İslam, alın terini, emeği ve helâl kazancı övmüş, aksi olan her türlü haksız kazancı da yasaklamıştır. Bilindiği gibi, toplumsal istikrarı bozan ve fiyatların yükselmesine yol açan, özellikle toplumda dar gelirli kesimlerin aleyhine işleyebilecek ve toplum gemisini zaafa uğratacak faaliyetlerden birisi de ‘karaborsacılık’tır.
İhtikâr/karaborsacılık, satıcının fiyatların yükselmesi için, uygun bir vakte kadar insanların zorunlu olarak ihtiyaç duydukları maddeleri depolayıp saklaması olayıdır.

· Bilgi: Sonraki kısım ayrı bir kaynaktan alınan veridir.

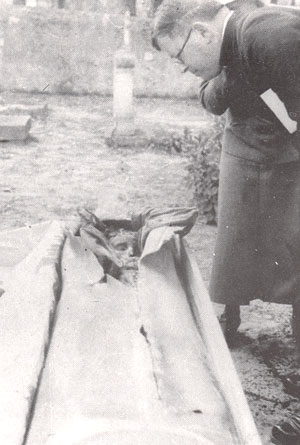 Exhumation de Jacinthe de Fatima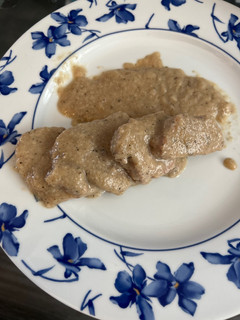 Una foto de Solomillo de cerdo con salsa de setas al oporto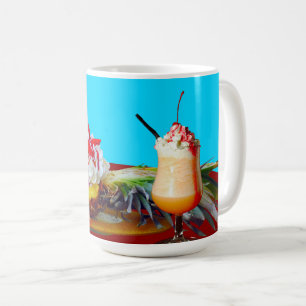 Ananas och glass med frukttröta kaffemugg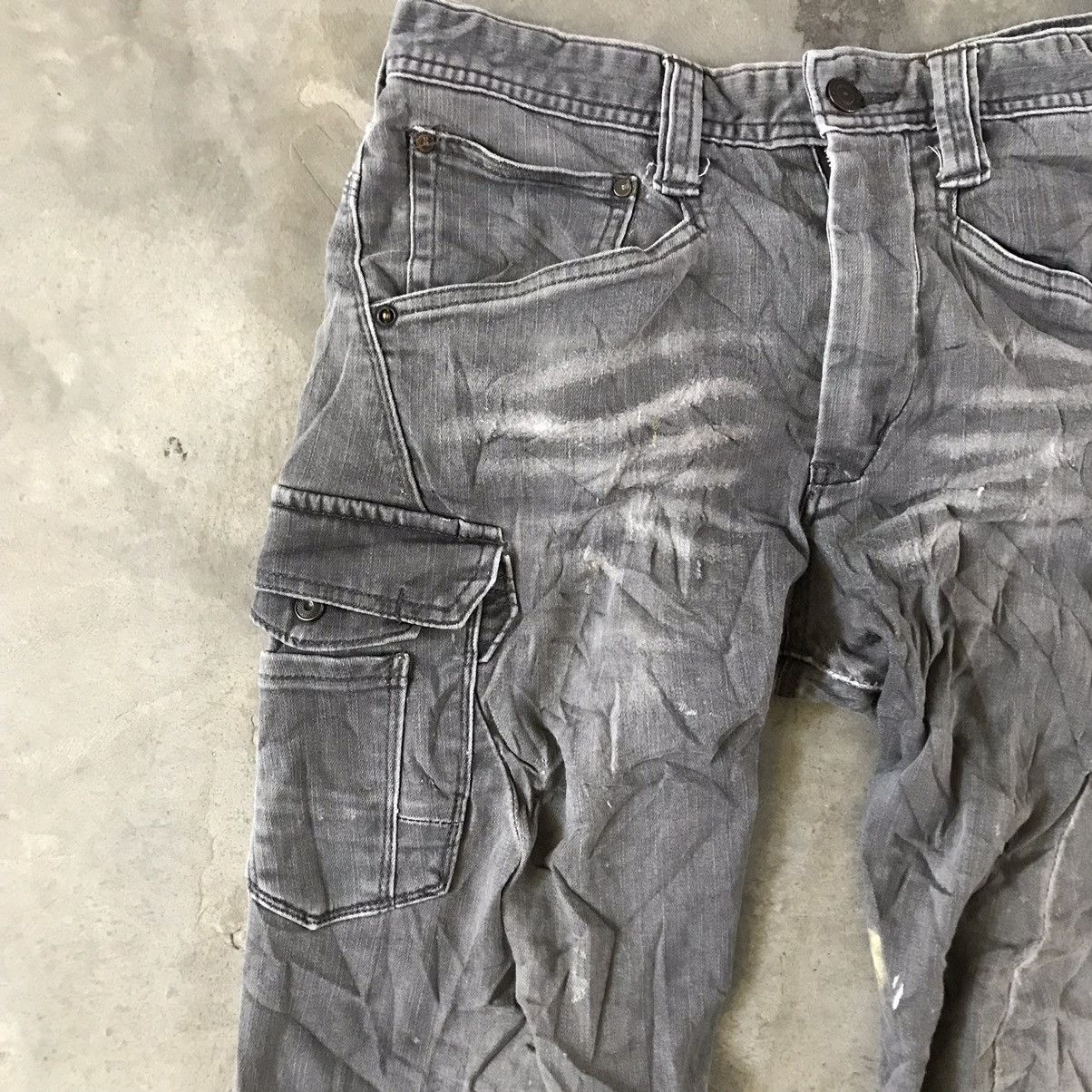 Japanese Brand Rare⚡️Distressed Sun Faded Multipocket Cargo Jeans Size US 32 / EU 48 - 4 Thumbnail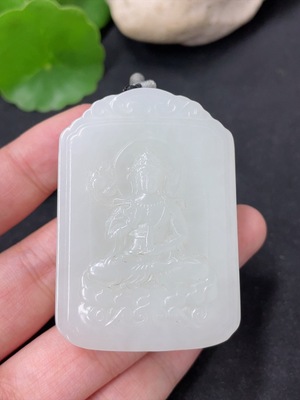 H42956455 和田玉挂件   度母   货品总重约（含绳）68.5g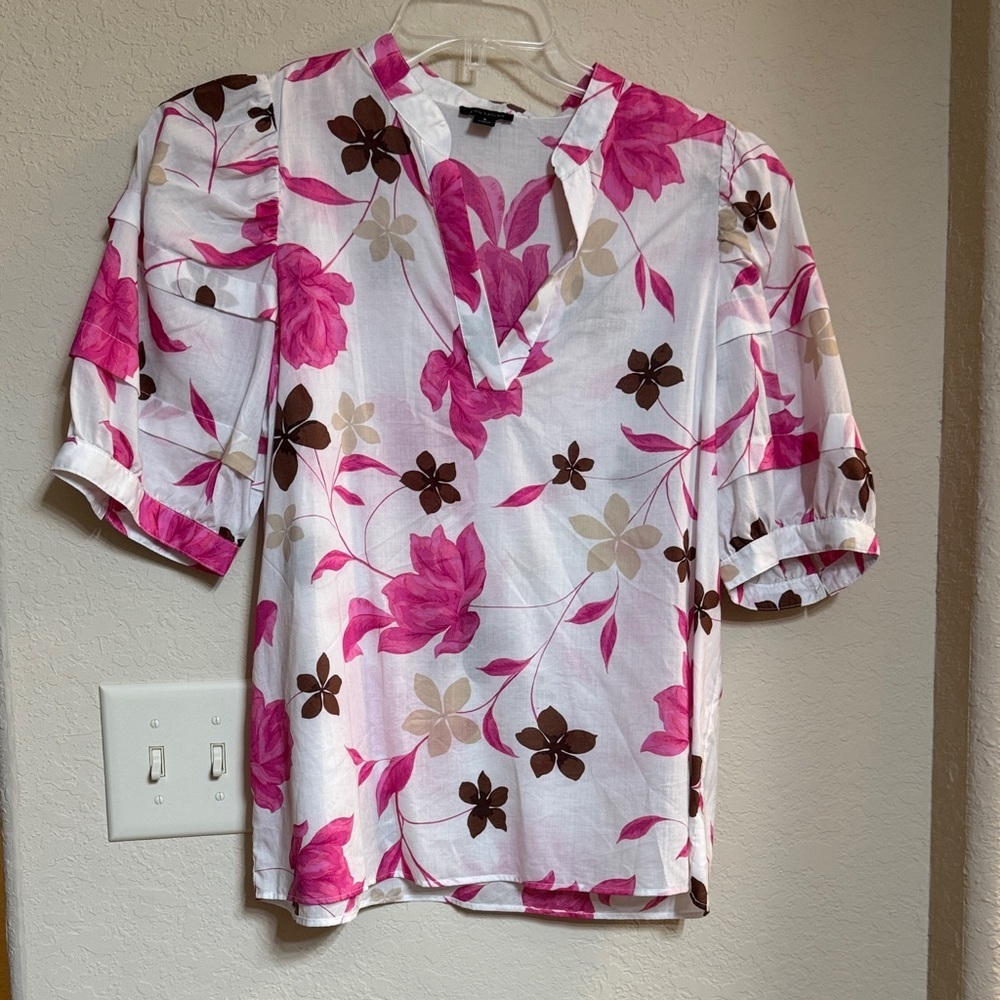Ann Taylor Pink and Brown Floral Blouse Size M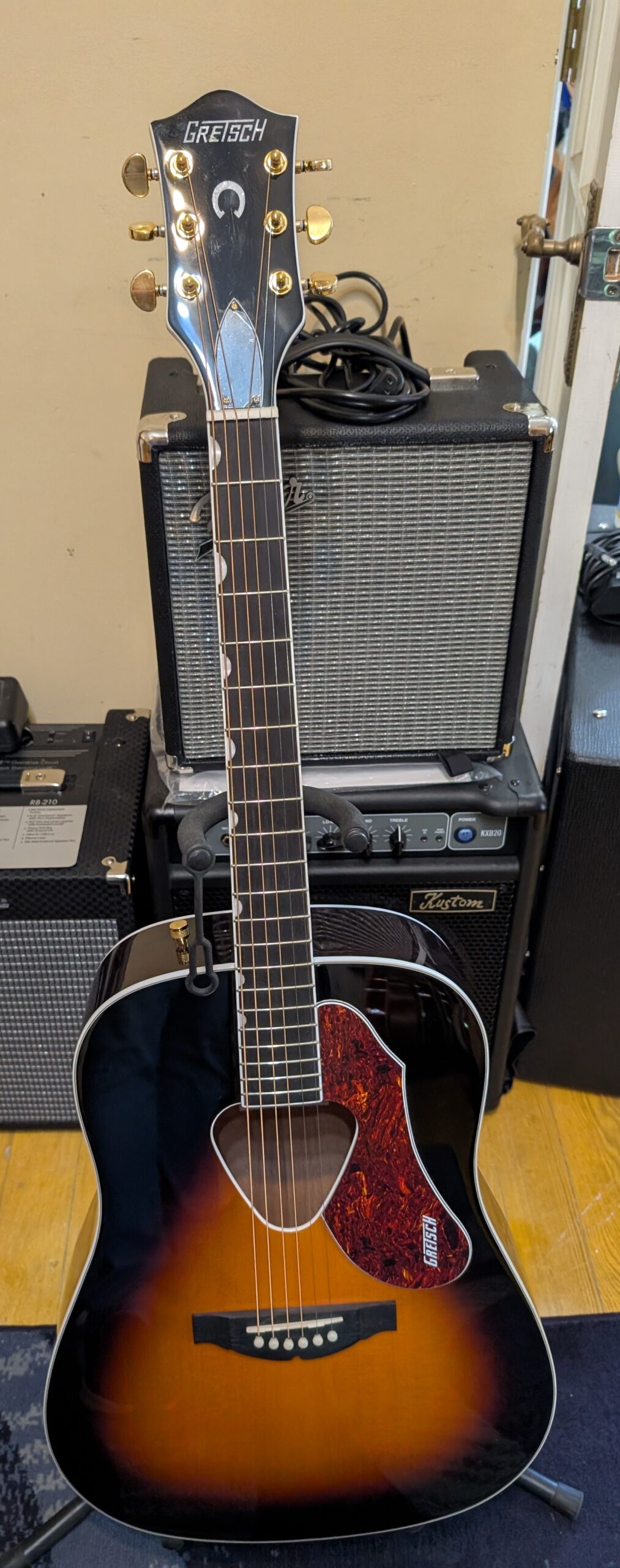 PXL_20250516_185451070.MP~2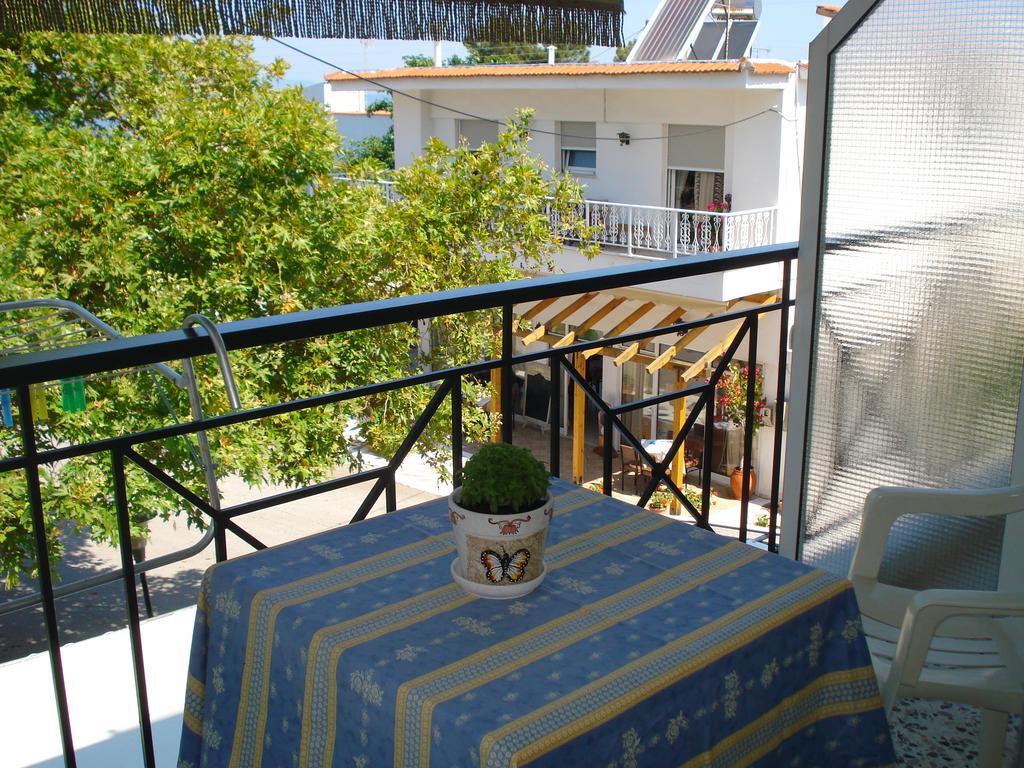Appartement Anna Georgiou à Skala Sotiros Extérieur photo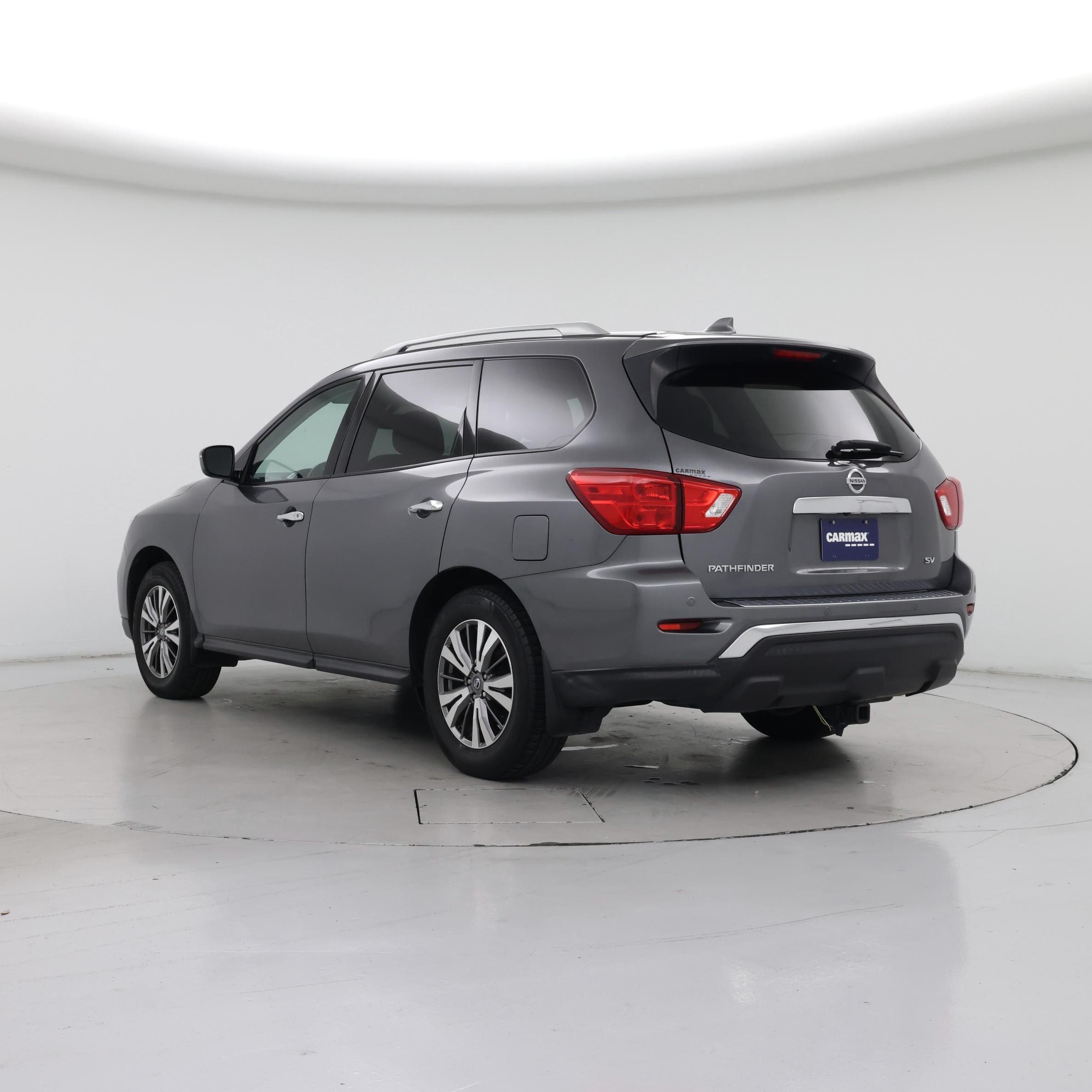 Thumbnail: 2019 Nissan Pathfinder - 2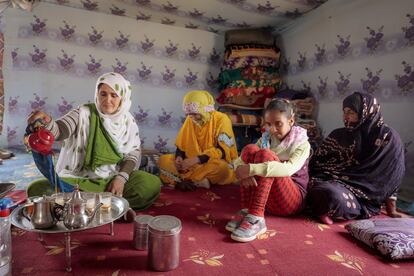 En el interior de una jaima se realiza la ceremonia del té. La sociedad saharaui es marcadamente matriarcal, herencia de un pasado nómada y beduino.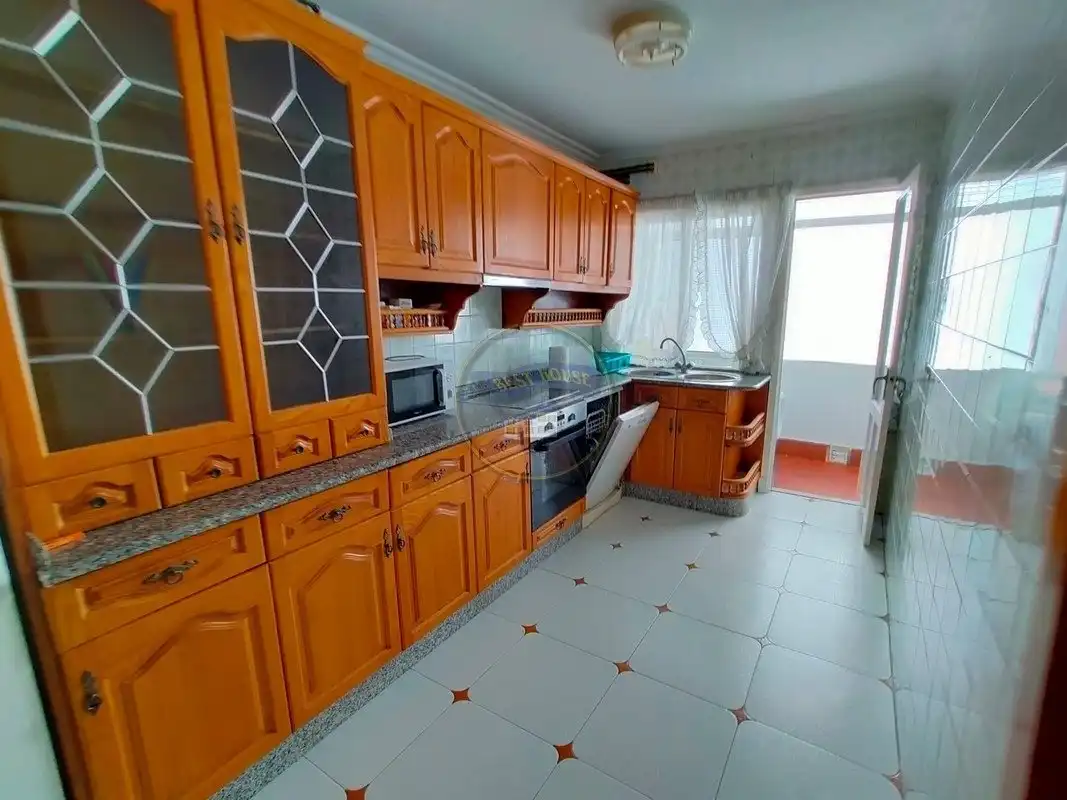 Kitchen of Flat for rent in Vigo   with Heating, Parquet flooring and Terrace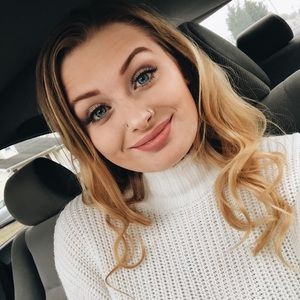 Meet your Posher, Hailey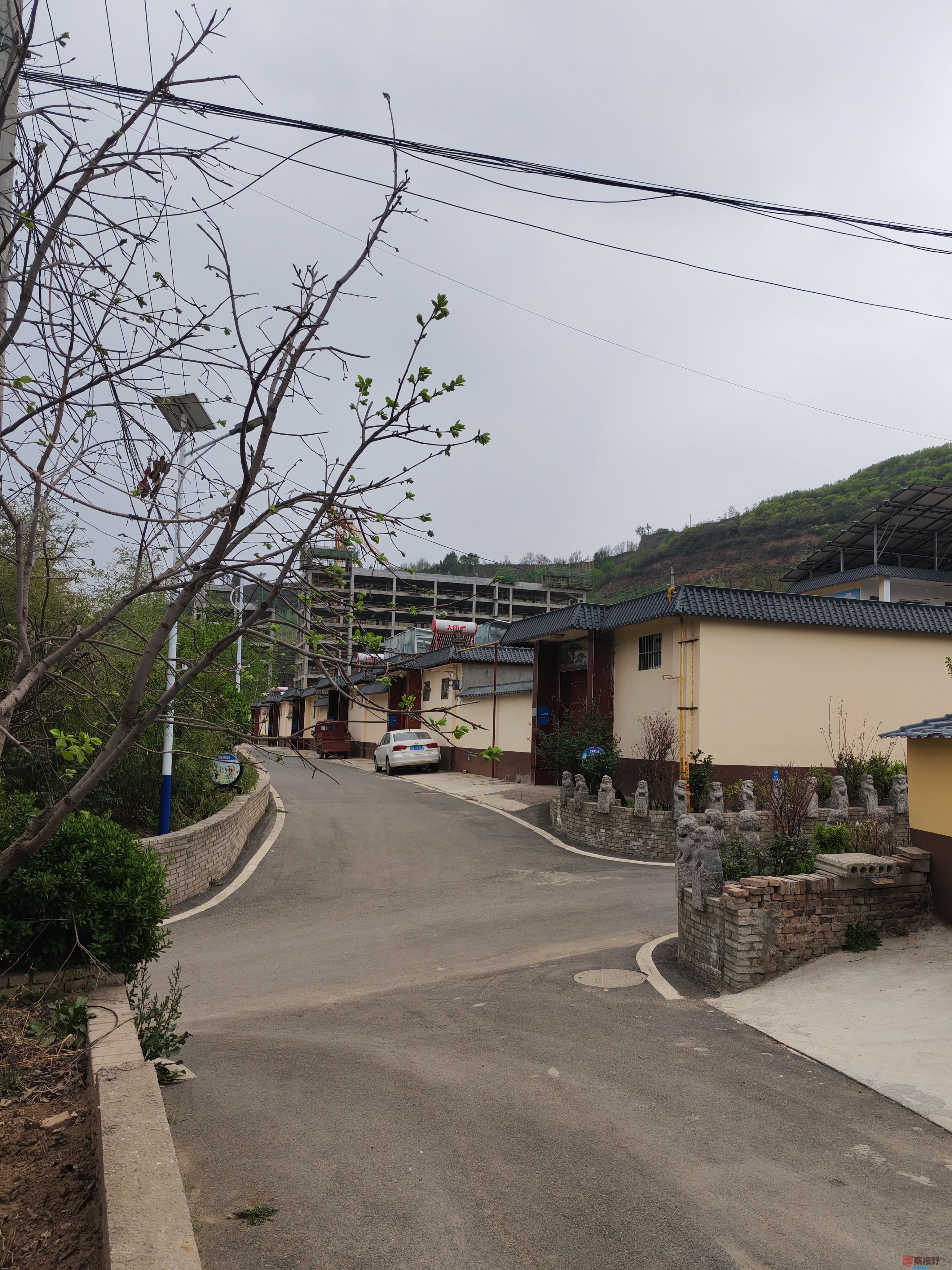 铜川王益区王家河杨树沟城乡结合部的景色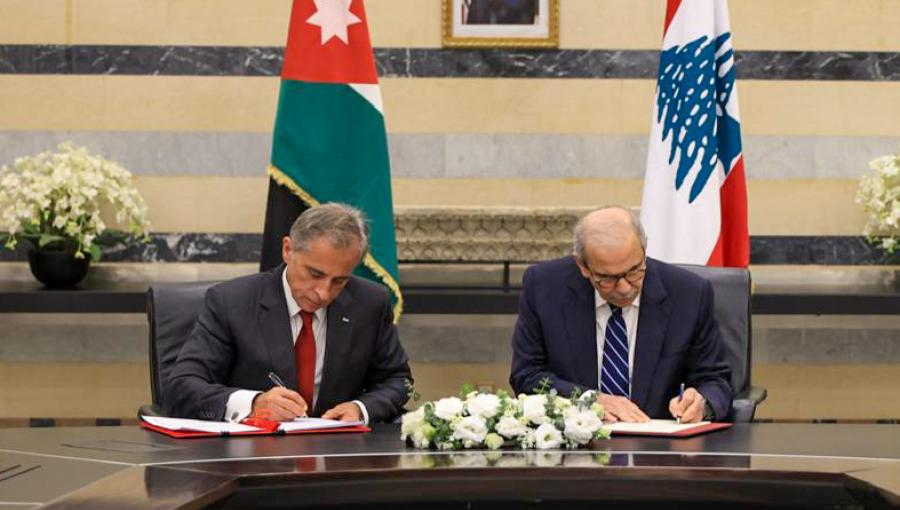 رئيس الوزراء جعفر حسان ونظيره اللبناني نواف سلام، بيروت 14/1/2026 | بترا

Böyle bir davranış, haram kazanç yoludur. Zira toplumun çıkarlarının aksine hizmet eder. Sermayenin çok cüz’i bir çalışmayla aşırı birikimini sağlar. Bundan dolayı Hz. Peygamber (a.s); “günahkârlardan başkası karaborsacılık yapmaz” buyurarak, karaborsacılık yapan kimsenin hak-hukuk alanında yanlış bir iş yaptığına dikkatlerimizi çeker. Çünkü karaborsacılık, sadece gıda maddelerini değil, her türlü tüketim maddelerinden petrole, şekerden çaya, pirinçten ilaca, çimentodan kâğıda, kömürden gaza varıncaya kadar toplumun gündelik hayatında zorunlu ihtiyaç duyduğu bütün tüketim maddelerini depolayıp, pahalılaşmayı bekleyerek piyasalara sürmemesi olayıdır.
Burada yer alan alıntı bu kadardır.